Estaba nerviosa por una clase sobre la oración que iba a dar en una iglesia. ¿Les gustará a los alumnos? ¿Les caeré bien? Mi ansiedad me sacó de foco, lo cual me llevó a exagerar en la planificación, la preparación de diapositivas y de hojas de ejercicios. Pero una semana antes de empezar, todavía no había invitado a muchos a asistir.
No obstante, mientras oraba, recordé que la clase era un servicio que arrojaba luz sobre Dios. Como el Espíritu Santo la usaría para guiar a personas a nuestro Padre celestial, pude dejar de lado los nervios de hablar en público. Jesús les enseñó a sus discípulos: «Vosotros sois la luz del mundo; una ciudad asentada sobre un monte no se puede esconder. Ni se enciende una luz y se pone debajo de un almud, sino sobre el candelero, y alumbra a todos los que están en casa» (Mateo 5:14-15).

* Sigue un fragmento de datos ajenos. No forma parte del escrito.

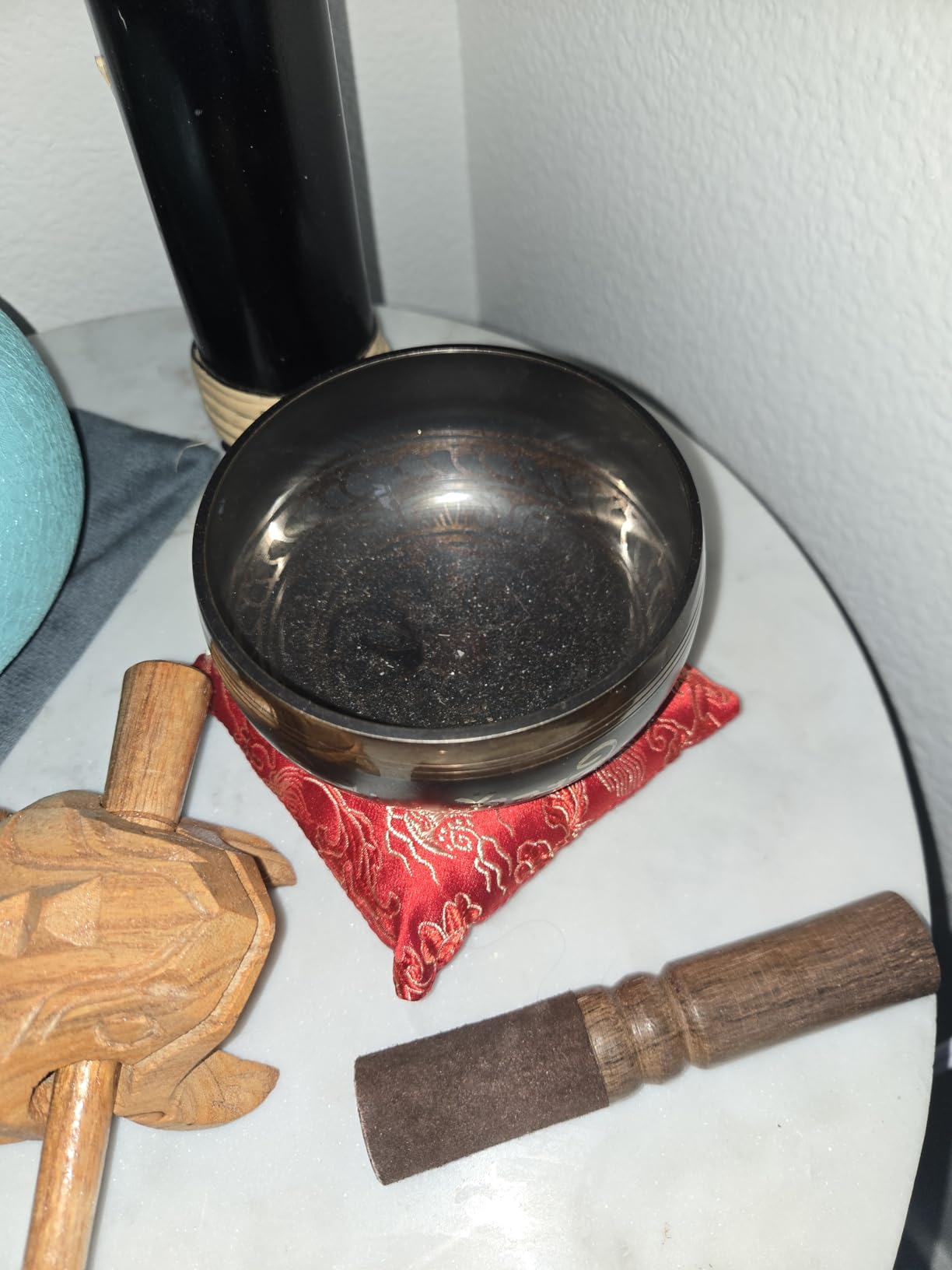 Tibetan Singing Bowl Set - Easy To Play Authentic Handcrafted For Meditation Sound Chakra Yoga Healing 4 Inches By Himalayan Bazaar (Gold & Turquoise) customer photo 2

Al leer esas palabras, publiqué un anuncio en las redes sobre la clase. Casi de inmediato, la gente, con gratitud y entusiasmo, empezó a inscribirse. Al ver sus reacciones, reflexioné más en la enseñanza de Jesús: «Así alumbre vuestra luz delante de los hombres, para que vean vuestras buenas obras, y glorifiquen a vuestro Padre que está en los cielos» (v. 16).
Con esa perspectiva, enseñé la clase con gozo, alentando a otros a brillar para Dios.